The court that put Slobodan Milošević in the dock is to be formally dissolved this week after 24 years and 161 indictments.
Victims’ relatives react as they watch a live TV broadcast from the International Criminal Tribunal for the former Yugoslavia when UN judges announced the life sentence in the trial of former Bosnian Serbian commander Ratko Mladic Photograph: Dimitar Dilkoff/AFP/Getty Images
After sitting for 10,800 days, hearing 4,650 witnesses and digesting 2.5m pages of transcripts, the international criminal tribunal for the former Yugoslavia (ICTY) will be formally dissolved on Thursday.
A closing ceremony in The Hague, attended by the United Nations secretary general, António Guterres, will mark the end of 24 years of investigations and prosecutions that delivered 161 high-profile indictments.

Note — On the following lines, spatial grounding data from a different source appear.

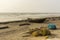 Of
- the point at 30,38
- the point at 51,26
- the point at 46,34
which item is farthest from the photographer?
the point at 51,26

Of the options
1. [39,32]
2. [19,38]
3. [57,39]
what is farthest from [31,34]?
[57,39]

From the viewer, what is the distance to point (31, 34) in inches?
422

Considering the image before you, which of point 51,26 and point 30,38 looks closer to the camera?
point 30,38

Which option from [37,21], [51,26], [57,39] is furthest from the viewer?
[37,21]

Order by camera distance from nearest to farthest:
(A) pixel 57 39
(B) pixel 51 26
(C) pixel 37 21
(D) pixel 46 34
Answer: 1. (A) pixel 57 39
2. (D) pixel 46 34
3. (B) pixel 51 26
4. (C) pixel 37 21

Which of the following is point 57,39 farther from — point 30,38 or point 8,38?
point 8,38

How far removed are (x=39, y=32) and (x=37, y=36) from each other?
37 centimetres

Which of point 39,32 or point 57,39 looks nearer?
point 57,39

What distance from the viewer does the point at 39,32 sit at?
10359 millimetres

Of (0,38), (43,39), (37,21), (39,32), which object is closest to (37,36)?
(39,32)

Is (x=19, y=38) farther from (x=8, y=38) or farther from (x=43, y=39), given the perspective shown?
(x=43, y=39)

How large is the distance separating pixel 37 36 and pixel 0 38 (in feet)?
6.05

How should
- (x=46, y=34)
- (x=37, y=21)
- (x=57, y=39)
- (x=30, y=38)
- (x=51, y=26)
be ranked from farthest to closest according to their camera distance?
(x=37, y=21)
(x=51, y=26)
(x=46, y=34)
(x=30, y=38)
(x=57, y=39)

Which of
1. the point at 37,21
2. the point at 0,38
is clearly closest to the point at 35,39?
the point at 0,38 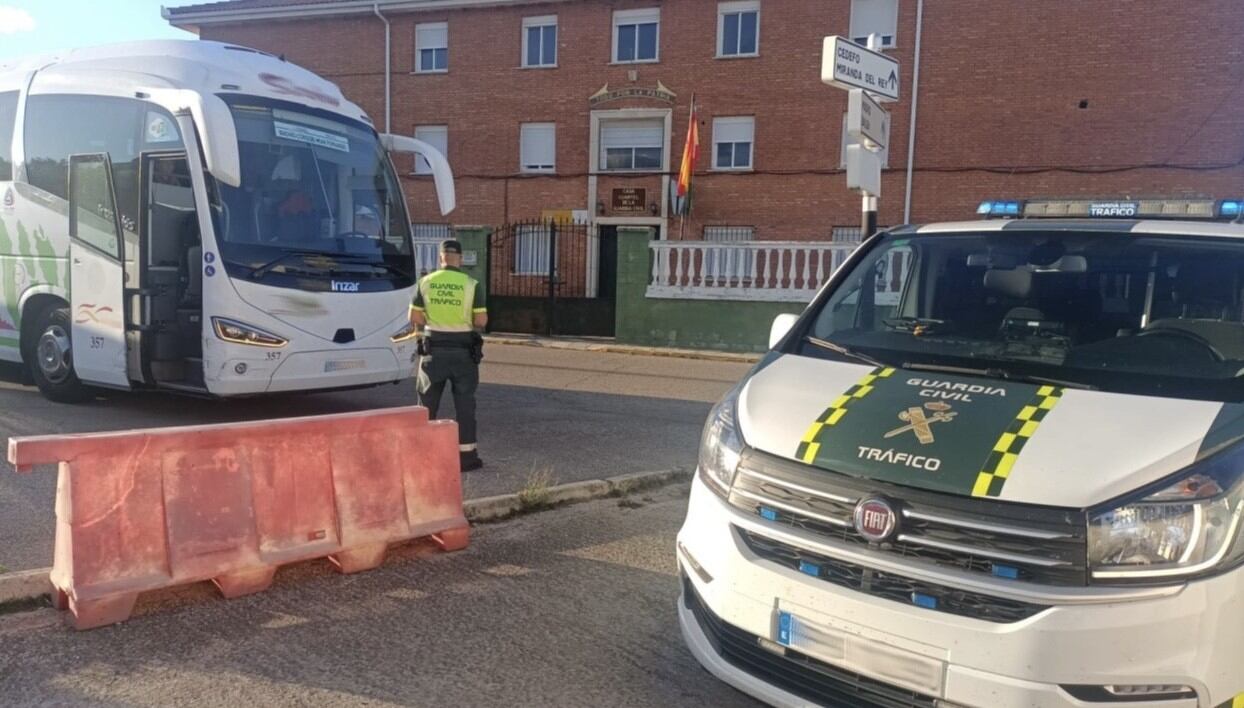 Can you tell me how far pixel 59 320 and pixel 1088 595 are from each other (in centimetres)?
922

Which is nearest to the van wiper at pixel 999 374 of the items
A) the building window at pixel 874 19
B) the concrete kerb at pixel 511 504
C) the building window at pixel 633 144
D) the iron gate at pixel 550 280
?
the concrete kerb at pixel 511 504

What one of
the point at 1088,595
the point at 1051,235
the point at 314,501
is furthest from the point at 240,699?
the point at 1051,235

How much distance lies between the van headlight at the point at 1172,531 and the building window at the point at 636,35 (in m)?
20.6

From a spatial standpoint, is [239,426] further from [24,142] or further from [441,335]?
[24,142]

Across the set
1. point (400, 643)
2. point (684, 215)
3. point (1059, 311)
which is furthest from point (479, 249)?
point (1059, 311)

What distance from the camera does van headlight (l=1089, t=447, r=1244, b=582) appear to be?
2.33 m

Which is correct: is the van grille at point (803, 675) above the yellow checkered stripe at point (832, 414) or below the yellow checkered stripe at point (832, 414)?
below

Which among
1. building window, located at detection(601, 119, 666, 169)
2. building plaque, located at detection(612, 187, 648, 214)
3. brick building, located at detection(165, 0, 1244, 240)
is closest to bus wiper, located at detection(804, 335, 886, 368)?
brick building, located at detection(165, 0, 1244, 240)

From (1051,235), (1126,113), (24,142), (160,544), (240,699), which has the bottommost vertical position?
(240,699)

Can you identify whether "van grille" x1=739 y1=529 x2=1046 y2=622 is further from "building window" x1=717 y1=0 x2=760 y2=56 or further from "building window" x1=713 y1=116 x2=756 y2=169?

The war crimes tribunal put the former Yugoslav president Slobodan Milošević, the Bosnian Serb leader Radovan Karadžić and Gen Ratko Mladic in the dock. Established in 1993, it was the first tribunal of its kind since hearings in Nuremberg and Tokyo at the end of the second world war.

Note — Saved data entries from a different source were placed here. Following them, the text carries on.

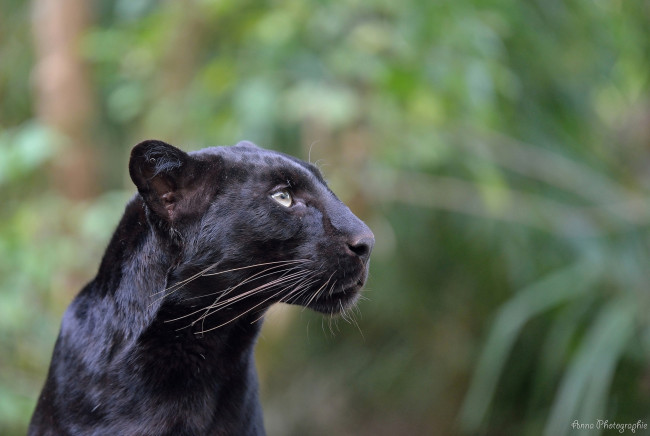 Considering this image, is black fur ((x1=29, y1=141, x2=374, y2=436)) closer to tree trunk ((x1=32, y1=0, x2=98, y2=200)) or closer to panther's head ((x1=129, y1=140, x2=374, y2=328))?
panther's head ((x1=129, y1=140, x2=374, y2=328))

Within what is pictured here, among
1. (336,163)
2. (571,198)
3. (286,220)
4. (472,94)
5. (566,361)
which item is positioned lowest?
(286,220)

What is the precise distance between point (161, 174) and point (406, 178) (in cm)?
310

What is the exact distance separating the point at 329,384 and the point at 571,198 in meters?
1.96

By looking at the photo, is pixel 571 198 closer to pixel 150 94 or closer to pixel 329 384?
pixel 329 384

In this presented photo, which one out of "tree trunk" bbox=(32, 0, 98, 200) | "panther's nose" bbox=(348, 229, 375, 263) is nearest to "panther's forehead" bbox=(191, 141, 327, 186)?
"panther's nose" bbox=(348, 229, 375, 263)

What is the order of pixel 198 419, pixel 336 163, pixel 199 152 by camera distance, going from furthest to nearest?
pixel 336 163 → pixel 199 152 → pixel 198 419

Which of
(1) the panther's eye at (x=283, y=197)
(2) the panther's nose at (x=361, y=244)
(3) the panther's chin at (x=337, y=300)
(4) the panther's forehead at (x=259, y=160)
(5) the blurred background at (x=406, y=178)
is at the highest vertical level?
(5) the blurred background at (x=406, y=178)

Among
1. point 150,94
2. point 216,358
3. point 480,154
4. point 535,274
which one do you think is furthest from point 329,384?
point 216,358

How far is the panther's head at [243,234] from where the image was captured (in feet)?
5.61

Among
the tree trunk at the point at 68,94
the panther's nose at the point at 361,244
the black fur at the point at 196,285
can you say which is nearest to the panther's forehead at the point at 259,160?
the black fur at the point at 196,285

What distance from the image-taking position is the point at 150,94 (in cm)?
449

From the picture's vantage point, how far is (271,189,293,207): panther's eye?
1.76m

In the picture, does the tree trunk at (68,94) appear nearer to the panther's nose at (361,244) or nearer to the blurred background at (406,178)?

Ninety individuals have been sentenced for genocide, crimes against humanity or other crimes. Politicians and senior military officers, judgment after judgment confirmed, will no longer escape with impunity but be held responsible for their actions, even in wartime.

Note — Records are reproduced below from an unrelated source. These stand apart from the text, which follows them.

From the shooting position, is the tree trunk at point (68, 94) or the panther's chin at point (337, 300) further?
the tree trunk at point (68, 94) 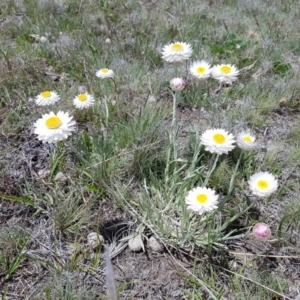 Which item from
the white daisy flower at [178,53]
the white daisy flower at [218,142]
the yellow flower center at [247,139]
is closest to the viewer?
the white daisy flower at [218,142]

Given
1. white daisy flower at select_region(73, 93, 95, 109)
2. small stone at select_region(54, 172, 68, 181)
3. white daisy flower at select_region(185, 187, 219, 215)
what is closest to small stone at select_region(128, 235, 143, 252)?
white daisy flower at select_region(185, 187, 219, 215)

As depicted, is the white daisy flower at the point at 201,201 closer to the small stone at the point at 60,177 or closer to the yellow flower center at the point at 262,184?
the yellow flower center at the point at 262,184

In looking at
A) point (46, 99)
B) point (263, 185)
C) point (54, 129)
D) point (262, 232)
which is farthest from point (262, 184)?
point (46, 99)

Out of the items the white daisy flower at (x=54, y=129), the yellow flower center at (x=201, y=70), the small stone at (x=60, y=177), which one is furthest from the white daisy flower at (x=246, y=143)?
the small stone at (x=60, y=177)

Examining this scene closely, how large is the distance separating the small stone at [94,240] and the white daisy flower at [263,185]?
2.45ft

Ultimate success in hunting down fugitives, however, has taken decades and there has been criticism that the tribunal represented victor’s justice: about two-thirds of those charged were Serbs. Supporters of the court countered that the worst atrocities of the conflict were inflicted by Serb forces on Bosnian civilians. Closure of the ICTY highlights a shift in international justice away from discrete tribunals – imposing justice after successive conflicts in the Balkans, Rwanda or Sierra Leone – towards the more ambitious goal of universal jurisdiction under the international criminal court (ICC).
The ICTY’s legacy has been pivotal, Philippe Sands QC, professor of international law at University College London, believes, paving the way for a broader international consensus on war crimes justice.
“The breakup of Yugoslavia has been a catalyst with very significant consequences,” he said. “The experience has been mixed. It hasn’t brought tranquility and reconciliation to the region but it has delivered ... important judgments on individuals.”
Sands, who acted for Croatia against Serbia in proceedings at the international court of justice, added: “The overall record of the ICTY reflects the significant but limited function that international justice can play in resolving longstanding political differences. It’s one tool in an armoury. The ad hoc tribunals have had an easier run than their global counterpart, [the ICC].”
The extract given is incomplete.